Ceph-osd verifier

So far, the “reboot” and “shutdown” actions are supported and they both perform the same set of checks.

  • check Ceph clusters health

  • check the minimum number of replicas

  • check availability zones resources

$ juju-verify reboot --unit ceph-osd/0
===[ceph-osd/0]===
Checks:
[OK] check_affected_machines check passed
[OK] ceph-mon/1: Ceph cluster is healthy
[OK] Minimum replica number check passed.
[OK] Availability zone check passed.

Result: OK (All checks passed)

check Ceph cluster health

This check maps ceph-osd applications part of the --units argument and the first (it doesn’t have to be a leader) ceph-mon unit obtained from the relations. The get-health action is run on top of obtained ceph-mon unit to determine if the cluster is healthy.

Note: Units from multiple application can be provided (e.g. ceph-osd-slow/0, ceph-osd-fast/0), and those could be related to different ceph-mon applications (e.g. ceph-mon-cluster1, ceph-mon-cluster2). In this case, the get-health action is run on top of both ceph-mon units (on both clusters).

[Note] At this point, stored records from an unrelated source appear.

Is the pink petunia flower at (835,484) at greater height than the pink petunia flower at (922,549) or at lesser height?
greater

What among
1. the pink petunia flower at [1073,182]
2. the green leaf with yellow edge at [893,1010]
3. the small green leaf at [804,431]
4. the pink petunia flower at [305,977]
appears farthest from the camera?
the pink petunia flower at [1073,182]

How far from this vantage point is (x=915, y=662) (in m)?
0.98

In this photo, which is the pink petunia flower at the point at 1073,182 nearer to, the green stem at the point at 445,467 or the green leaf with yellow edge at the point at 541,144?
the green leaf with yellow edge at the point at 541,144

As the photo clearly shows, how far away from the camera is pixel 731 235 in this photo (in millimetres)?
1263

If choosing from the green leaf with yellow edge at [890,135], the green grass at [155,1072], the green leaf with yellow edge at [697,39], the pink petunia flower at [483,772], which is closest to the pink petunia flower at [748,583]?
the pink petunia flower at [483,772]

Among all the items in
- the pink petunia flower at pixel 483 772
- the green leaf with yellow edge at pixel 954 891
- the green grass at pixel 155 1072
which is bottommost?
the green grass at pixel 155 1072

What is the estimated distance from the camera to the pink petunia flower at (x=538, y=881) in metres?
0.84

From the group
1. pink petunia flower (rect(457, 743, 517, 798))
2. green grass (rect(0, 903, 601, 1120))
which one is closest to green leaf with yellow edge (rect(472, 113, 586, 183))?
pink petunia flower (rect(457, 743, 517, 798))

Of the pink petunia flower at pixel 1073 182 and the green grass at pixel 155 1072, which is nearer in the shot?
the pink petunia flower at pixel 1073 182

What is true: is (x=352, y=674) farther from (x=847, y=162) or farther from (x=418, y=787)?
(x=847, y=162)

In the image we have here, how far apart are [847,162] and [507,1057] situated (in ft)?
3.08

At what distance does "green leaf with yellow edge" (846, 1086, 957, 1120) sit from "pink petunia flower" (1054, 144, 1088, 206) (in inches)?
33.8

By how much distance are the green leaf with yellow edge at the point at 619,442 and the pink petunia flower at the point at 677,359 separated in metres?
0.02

A cluster is considered healthy if the action’s output contains HEALTH_OK and the result message look like this:

[OK] ceph-mon/1: Ceph cluster is healthy

On the other hand, the check fails if the output does not contain HEALTH_OK. A Ceph cluster will be marked as unhealthy if the output contains HEALTH_WARN or HEALTH_ERR, and in an unknown state if it does not contain any of the above expressions.

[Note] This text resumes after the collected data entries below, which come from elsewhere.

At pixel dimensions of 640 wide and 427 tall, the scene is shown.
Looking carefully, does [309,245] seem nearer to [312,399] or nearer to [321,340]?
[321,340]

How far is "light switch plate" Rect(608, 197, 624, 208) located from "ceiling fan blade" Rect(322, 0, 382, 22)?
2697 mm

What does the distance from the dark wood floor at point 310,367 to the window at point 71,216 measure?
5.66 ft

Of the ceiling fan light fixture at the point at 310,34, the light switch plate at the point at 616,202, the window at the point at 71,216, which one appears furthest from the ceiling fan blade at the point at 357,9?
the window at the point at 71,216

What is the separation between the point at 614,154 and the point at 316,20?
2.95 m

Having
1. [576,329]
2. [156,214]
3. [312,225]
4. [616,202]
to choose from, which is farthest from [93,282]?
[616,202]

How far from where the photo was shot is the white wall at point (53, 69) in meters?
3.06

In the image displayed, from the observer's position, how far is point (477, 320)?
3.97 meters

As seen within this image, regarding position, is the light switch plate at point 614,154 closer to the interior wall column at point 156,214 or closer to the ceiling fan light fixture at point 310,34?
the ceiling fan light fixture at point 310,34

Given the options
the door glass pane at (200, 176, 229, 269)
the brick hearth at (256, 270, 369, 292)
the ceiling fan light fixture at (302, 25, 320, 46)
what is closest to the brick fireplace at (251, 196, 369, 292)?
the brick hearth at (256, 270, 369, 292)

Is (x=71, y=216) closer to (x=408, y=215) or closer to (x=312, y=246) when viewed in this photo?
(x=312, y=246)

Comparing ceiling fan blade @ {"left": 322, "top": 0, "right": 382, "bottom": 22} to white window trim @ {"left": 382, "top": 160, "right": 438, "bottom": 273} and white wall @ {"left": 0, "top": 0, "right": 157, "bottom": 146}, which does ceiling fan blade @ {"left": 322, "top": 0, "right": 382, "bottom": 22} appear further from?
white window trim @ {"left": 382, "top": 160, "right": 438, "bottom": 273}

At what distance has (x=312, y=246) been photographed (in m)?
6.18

[FAIL] ceph-mon/1: Ceph cluster is in a warning state
  HEALTH_WARN too few PGs per OSD (8 < min 30)

There are several possible reasons why the Ceph cluster is not healthy, but not all of them can be listed here. For more info visit ceph-monitoring.

Ceph cluster health check

check the minimum number of replicas

While the previous check creates a unique set of “ceph-mon” units from the map, this one goes through each item, calling the “list-pools” action with the “format=json” option to get minimum replication number for each “ceph-mon” unit.

The replication number for each pool is calculated as the pool size minus the minimum pool size. If no group is available, the replication number is returned as None and the check for that application ends successfully.

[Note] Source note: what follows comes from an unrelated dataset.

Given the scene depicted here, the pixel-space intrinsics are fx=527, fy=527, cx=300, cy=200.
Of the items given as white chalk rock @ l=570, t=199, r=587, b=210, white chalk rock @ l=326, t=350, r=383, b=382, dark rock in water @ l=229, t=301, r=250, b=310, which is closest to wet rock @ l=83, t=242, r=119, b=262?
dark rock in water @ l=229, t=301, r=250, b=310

The next step is to calculate the number of units for each application to be reboot/shutdown, plus the number of units are in an inactive workload status. Such a number is compared to the minimum replication number, and if it’s greater, the check fails.

The successful result message should look like this:

[OK] Minimum replica number check passed.

An unsuccessful result can be caused by two reasons.

  1. Once the units are reboot/shutdown, the minimum cluster size will not be met.

[FAIL] The minimum number of replicas in 'ceph-osd' is 1 and it's not safe to reboot/shutdown 2 units. 0 units are not active.
  1. Currently, some units are in an error state and the minimum cluster size is not met or will not be after reboot/shutdown other units.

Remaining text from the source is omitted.